What you should do —
The output must reproduce each line of the data word for word.

Data under study —
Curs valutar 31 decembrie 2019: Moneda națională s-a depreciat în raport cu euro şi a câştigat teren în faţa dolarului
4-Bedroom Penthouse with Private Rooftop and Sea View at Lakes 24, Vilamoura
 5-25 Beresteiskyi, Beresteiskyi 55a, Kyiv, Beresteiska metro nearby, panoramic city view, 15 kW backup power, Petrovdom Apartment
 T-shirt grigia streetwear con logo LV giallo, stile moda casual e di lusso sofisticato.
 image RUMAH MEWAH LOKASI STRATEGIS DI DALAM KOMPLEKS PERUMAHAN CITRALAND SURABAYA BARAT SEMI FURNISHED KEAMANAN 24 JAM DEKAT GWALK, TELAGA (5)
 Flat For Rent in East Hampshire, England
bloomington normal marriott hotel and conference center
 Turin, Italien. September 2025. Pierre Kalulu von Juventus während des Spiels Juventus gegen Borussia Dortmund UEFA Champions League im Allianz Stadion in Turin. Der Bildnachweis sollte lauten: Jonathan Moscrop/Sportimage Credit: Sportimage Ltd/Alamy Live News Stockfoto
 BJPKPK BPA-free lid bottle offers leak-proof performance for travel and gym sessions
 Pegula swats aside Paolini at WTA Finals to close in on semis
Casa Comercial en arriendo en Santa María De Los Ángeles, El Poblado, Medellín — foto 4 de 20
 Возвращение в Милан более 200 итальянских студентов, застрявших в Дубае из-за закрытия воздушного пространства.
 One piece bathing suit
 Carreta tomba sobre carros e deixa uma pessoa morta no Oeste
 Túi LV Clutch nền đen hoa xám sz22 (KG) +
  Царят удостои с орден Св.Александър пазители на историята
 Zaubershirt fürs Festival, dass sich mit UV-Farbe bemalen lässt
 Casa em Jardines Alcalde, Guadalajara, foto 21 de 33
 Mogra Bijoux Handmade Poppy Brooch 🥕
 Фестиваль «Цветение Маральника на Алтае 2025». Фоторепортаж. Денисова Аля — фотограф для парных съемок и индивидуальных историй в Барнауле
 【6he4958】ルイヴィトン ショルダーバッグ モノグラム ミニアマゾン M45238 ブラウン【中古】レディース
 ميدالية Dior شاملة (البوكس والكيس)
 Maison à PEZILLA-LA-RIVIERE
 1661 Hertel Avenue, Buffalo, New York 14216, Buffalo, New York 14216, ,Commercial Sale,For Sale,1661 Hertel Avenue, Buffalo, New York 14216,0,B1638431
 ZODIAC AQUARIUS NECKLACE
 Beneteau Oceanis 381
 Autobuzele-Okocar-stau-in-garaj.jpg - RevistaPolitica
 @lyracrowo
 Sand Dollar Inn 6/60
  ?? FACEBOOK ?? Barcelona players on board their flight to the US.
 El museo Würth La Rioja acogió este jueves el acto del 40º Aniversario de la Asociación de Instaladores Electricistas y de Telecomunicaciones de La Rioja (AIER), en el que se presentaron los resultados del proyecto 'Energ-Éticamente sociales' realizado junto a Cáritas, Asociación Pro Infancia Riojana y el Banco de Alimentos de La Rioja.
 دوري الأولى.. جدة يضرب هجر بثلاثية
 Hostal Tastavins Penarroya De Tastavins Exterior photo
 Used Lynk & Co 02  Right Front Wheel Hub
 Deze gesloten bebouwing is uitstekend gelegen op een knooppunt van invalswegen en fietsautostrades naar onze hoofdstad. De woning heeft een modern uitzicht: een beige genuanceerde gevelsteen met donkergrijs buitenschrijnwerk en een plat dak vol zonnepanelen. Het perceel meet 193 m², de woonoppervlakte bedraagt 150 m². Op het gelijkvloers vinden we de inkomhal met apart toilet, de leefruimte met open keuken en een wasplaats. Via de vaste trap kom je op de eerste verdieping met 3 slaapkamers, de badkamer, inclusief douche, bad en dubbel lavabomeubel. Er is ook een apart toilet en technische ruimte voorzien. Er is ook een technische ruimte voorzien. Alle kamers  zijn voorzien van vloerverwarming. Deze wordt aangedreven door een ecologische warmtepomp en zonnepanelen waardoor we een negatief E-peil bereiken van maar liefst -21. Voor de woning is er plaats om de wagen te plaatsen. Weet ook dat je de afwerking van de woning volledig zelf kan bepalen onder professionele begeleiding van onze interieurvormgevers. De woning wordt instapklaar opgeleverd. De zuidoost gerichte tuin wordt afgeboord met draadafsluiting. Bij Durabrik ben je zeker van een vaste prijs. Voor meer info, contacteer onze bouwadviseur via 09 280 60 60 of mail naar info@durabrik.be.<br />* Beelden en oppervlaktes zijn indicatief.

Expected output —
Curs valutar 31 decembrie 2019: Moneda națională s-a depreciat în raport cu euro şi a câştigat teren în faţa dolarului
4-Bedroom Penthouse with Private Rooftop and Sea View at Lakes 24, Vilamoura
 5-25 Beresteiskyi, Beresteiskyi 55a, Kyiv, Beresteiska metro nearby, panoramic city view, 15 kW backup power, Petrovdom Apartment
 T-shirt grigia streetwear con logo LV giallo, stile moda casual e di lusso sofisticato.
 image RUMAH MEWAH LOKASI STRATEGIS DI DALAM KOMPLEKS PERUMAHAN CITRALAND SURABAYA BARAT SEMI FURNISHED KEAMANAN 24 JAM DEKAT GWALK, TELAGA (5)
 Flat For Rent in East Hampshire, England
bloomington normal marriott hotel and conference center
 Turin, Italien. September 2025. Pierre Kalulu von Juventus während des Spiels Juventus gegen Borussia Dortmund UEFA Champions League im Allianz Stadion in Turin. Der Bildnachweis sollte lauten: Jonathan Moscrop/Sportimage Credit: Sportimage Ltd/Alamy Live News Stockfoto
 BJPKPK BPA-free lid bottle offers leak-proof performance for travel and gym sessions
 Pegula swats aside Paolini at WTA Finals to close in on semis
Casa Comercial en arriendo en Santa María De Los Ángeles, El Poblado, Medellín — foto 4 de 20
 Возвращение в Милан более 200 итальянских студентов, застрявших в Дубае из-за закрытия воздушного пространства.
 One piece bathing suit
 Carreta tomba sobre carros e deixa uma pessoa morta no Oeste
 Túi LV Clutch nền đen hoa xám sz22 (KG) +
  Царят удостои с орден Св.Александър пазители на историята
 Zaubershirt fürs Festival, dass sich mit UV-Farbe bemalen lässt
 Casa em Jardines Alcalde, Guadalajara, foto 21 de 33
 Mogra Bijoux Handmade Poppy Brooch 🥕
 Фестиваль «Цветение Маральника на Алтае 2025». Фоторепортаж. Денисова Аля — фотограф для парных съемок и индивидуальных историй в Барнауле
 【6he4958】ルイヴィトン ショルダーバッグ モノグラム ミニアマゾン M45238 ブラウン【中古】レディース
 ميدالية Dior شاملة (البوكس والكيس)
 Maison à PEZILLA-LA-RIVIERE
 1661 Hertel Avenue, Buffalo, New York 14216, Buffalo, New York 14216, ,Commercial Sale,For Sale,1661 Hertel Avenue, Buffalo, New York 14216,0,B1638431
 ZODIAC AQUARIUS NECKLACE
 Beneteau Oceanis 381
 Autobuzele-Okocar-stau-in-garaj.jpg - RevistaPolitica
 @lyracrowo
 Sand Dollar Inn 6/60
  ?? FACEBOOK ?? Barcelona players on board their flight to the US.
 El museo Würth La Rioja acogió este jueves el acto del 40º Aniversario de la Asociación de Instaladores Electricistas y de Telecomunicaciones de La Rioja (AIER), en el que se presentaron los resultados del proyecto 'Energ-Éticamente sociales' realizado junto a Cáritas, Asociación Pro Infancia Riojana y el Banco de Alimentos de La Rioja.
 دوري الأولى.. جدة يضرب هجر بثلاثية
 Hostal Tastavins Penarroya De Tastavins Exterior photo
 Used Lynk & Co 02  Right Front Wheel Hub
 Deze gesloten bebouwing is uitstekend gelegen op een knooppunt van invalswegen en fietsautostrades naar onze hoofdstad. De woning heeft een modern uitzicht: een beige genuanceerde gevelsteen met donkergrijs buitenschrijnwerk en een plat dak vol zonnepanelen. Het perceel meet 193 m², de woonoppervlakte bedraagt 150 m². Op het gelijkvloers vinden we de inkomhal met apart toilet, de leefruimte met open keuken en een wasplaats. Via de vaste trap kom je op de eerste verdieping met 3 slaapkamers, de badkamer, inclusief douche, bad en dubbel lavabomeubel. Er is ook een apart toilet en technische ruimte voorzien. Er is ook een technische ruimte voorzien. Alle kamers  zijn voorzien van vloerverwarming. Deze wordt aangedreven door een ecologische warmtepomp en zonnepanelen waardoor we een negatief E-peil bereiken van maar liefst -21. Voor de woning is er plaats om de wagen te plaatsen. Weet ook dat je de afwerking van de woning volledig zelf kan bepalen onder professionele begeleiding van onze interieurvormgevers. De woning wordt instapklaar opgeleverd. De zuidoost gerichte tuin wordt afgeboord met draadafsluiting. Bij Durabrik ben je zeker van een vaste prijs. Voor meer info, contacteer onze bouwadviseur via 09 280 60 60 of mail naar info@durabrik.be.<br />* Beelden en oppervlaktes zijn indicatief.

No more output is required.